Le Conseil d'Etat écarte résolument l'idée que le rapport entre une personne et les données la concernant se réduit à l'exercice du droit de propriété. Cette conception patrimoniale avait pourtant été défendue par certains, qui considéraient que c'était le seul moyen de faire de l'individu l'acteur principal dans la gestion de ses données. D'autres, au contraire, dénonçaient le fait que l'individu risquait de ne plus percevoir ses données personnelles qu' à travers l'avantage financier qu'elles peuvent lui procurer. D'une manière générale, cette conception patrimoniale, très proche de celle développée par le droit américain, impose une forme de privatisation de la protection des données.

Le Conseil d'Etat préfère ancrer la protection des données dans la sphère du droit public, et plus précisément dans celle de la protection des libertés. C'est pourquoi il suggère la consécration d'un droit à l'autodétermination informationnelle, beaucoup plus large que le seul droit de propriété. Il implique en effet "le droit de tout individu de décider de la communication et de l'utilisation de ses données à caractère personnel". Certes, ce droit à l'autodétermination n'interdit pas à l'intéressé d'aliéner ses données personnelles. Mais il doit au préalable pouvoir bénéficier du droit d'accès, indispensable à la connaissance même des informations conservées, et du droit de rectification si ces données sont erronées ou non pertinentes par rapport à la finalité du fichier.
Quant au droit à l'oubli, le Conseil d'Etat lui préfère un droit au déréférencement, lui aussi inclus dans le droit à l'autodétermination. Son champ apparaît cependant beaucoup plus étroit puisqu'il ne concerne que les moteurs de recherche et non pas l'ensemble des fichiers.

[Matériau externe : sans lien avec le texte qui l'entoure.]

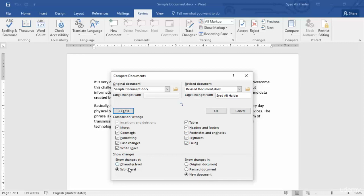The first option is show changes at character level and word level. Character level means that if a letter — for example A is changed to E — it will show us the change made. Word level will show us the change if a word is completely changed at that position. Next is where to show changes: in the original document, the revised document, or in a totally new document. I would suggest you select the new document option, because you don't want the original or the revised document to be changed — you can view the comparison in a new document and save it to your desktop.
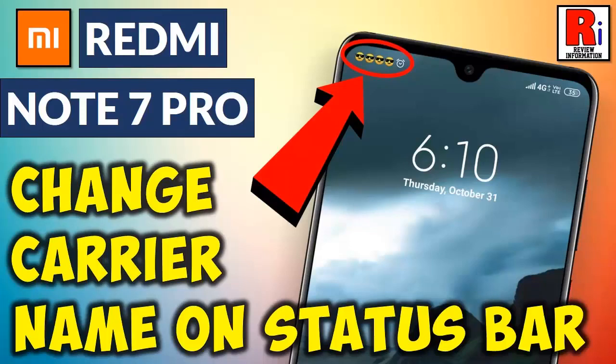Hello viewers and welcome back to my channel. Today I will show you how to change carrier name on status bar in Xiaomi Redmi Note 7 Pro.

Le Conseil d'Etat et l'affaire Snowden


Le Conseil d'Etat se fait l'écho des débats suscités par les révélations sur les programmes américains de surveillance des communication. Il affirme la nécessité de "concilier la protection de la vie privée avec les impératifs de sécurité nationale". Les instruments juridiques destinés à opérer cette conciliation demeurent cependant modestes. Le rapport propose finalement de renforcer les garanties entourant l'utilisation des fichiers de police. Il envisage aussi, mais ce n'est qu'une hypothèse de travail, de limiter l'accès aux données conservées par les opérateurs de télécommunication aux activités de police judiciaire lorsqu'il s'agit de lutter contre les infractions les plus graves. Sur ce point, le rapport ne fait d'ailleurs que s'interroger sur les conséquences sur le droit français de l'arrêt Digital Rights Ireland rendu par la Cour de justice de l'Union européenne le 8 avril 2014.

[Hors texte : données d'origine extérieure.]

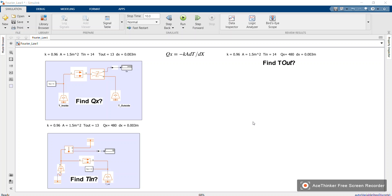Hey guys, welcome back. Today is our part three of our video series for Fourier's law of thermal conduction through solids. On our first video we found the heat flux, that is our qx.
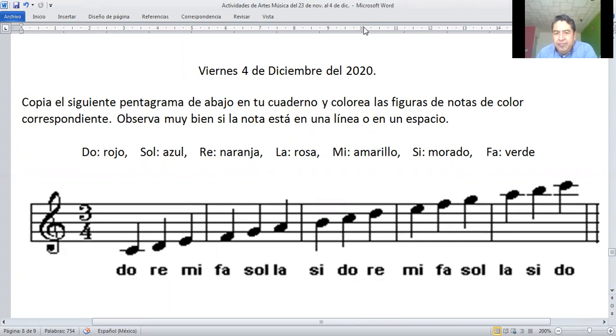¿Sale chicos? Entonces es la única tarea que vamos a hacer hoy viernes, para que descansen un poquito. Está muy sencilla y van a colorear. ¿Sale chicos? Que estén bien, cuídense mucho y nos vemos en la tarde para ver cómo les quedó su actividad. Bye.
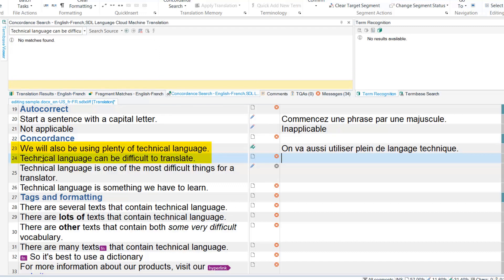Here I've already translated a segment containing the expression technical language, but the TM isn't providing a match for the segment as a whole.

Si le Conseil d'Etat affirme être conscient des dangers que représentent ces programmes de surveillance de masse, il exclut cependant toute reconnaissance du rôle des lanceurs d'alerte dans ce domaine. Pour le Conseil, "la violation du secret de la défense nationale ne saurait devenir un droit, même lorsqu'il s'agit de dénoncer l'existence d'un programme illégal". Le rapport suggère donc d'autoriser les agents des services de renseignement à "signaler" les pratiques illégales de collecte et conservation des données auprès d'une autorité indépendante appelée "Autorité de contrôle des services de renseignement". Cette dernière aurait pour mission de faire les contrôles nécessaires, sans que l'agent lanceur d'alerte soit informé des suites de cette enquête.. Inutile de dire que les éventuels lanceurs d'alerte réfléchiront longuement avant de dénoncer une pratique illégale administrative à l'administration elle-même.

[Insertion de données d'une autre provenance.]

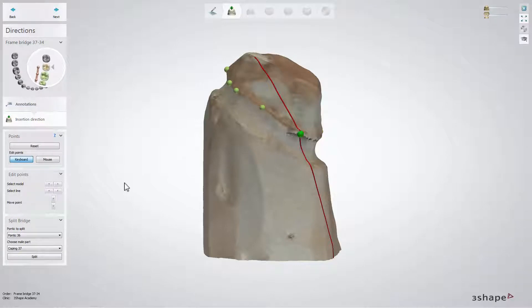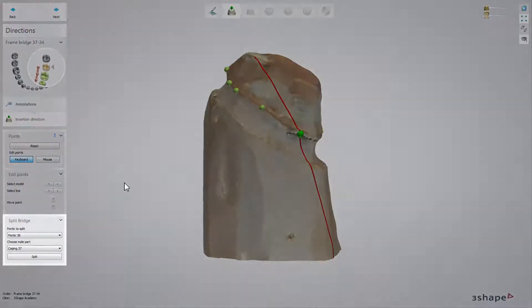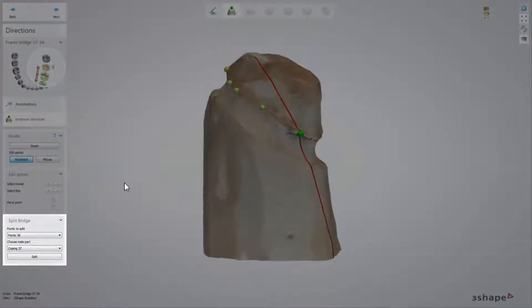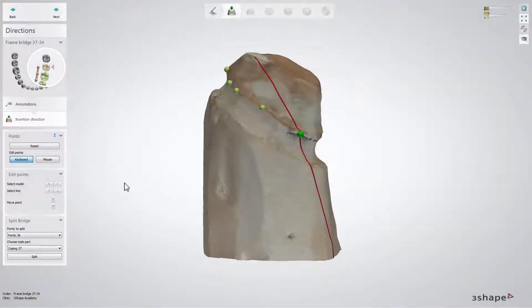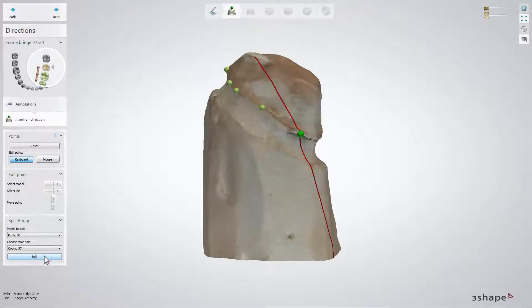Therefore, we are going to use the split bridge solution by choosing the indications where the split should be done. Remember that it will always be between a copping and a pontic rather than between two pontics.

Le rapport du Conseil d'Etat soulève, à l'évidence, d'excellentes questions. Il offre un tour d'horizon des problèmes actuels de conciliation entre le numérique et les libertés publiques et devrait certainement susciter des recherches nouvelles. Il n'en demeure pas moins que les réponses apportées demeurent à la fois très prudentes et embryonnaires. A la fin de sa lecture, on ne peut manquer de s'interroger sur les objectifs poursuivis. S'agissait-il de définir le socle d'un droit nouveau ou seulement d'adapter  le droit positif aux évolutions techniques et aux jurisprudences de la Cour de justice de l'Union européenne ? Nous verrons, sans doute dans quelques mois, ce qui subsistera de ce travail dans le contenu de la future loi sur le numérique.



jeudi 11 septembre 2014

Extradition : La Belgique condamnée pour n'avoir pas su résister aux pressions américaines

L'arrêt Trabelsi c. Belgique du 4 septembre 2014 marque une nouvelle intervention de la Cour européenne dans la relation qu'entretiennent les Etats parties avec les Etats-Unis, plus particulièrement dans le domaine de la lutte contre le terrorisme. Après les deux arrêts Al Nashiri et Abu Zubaydah du 24 juillet 2014 condamnant la Pologne pour avoir abrité des "sites noirs" permettant de torturer des personnes soupçonnées de terrorisme, il s'agit cette fois de sanctionner une extradition vers les Etats Unis accordée par la Belgique.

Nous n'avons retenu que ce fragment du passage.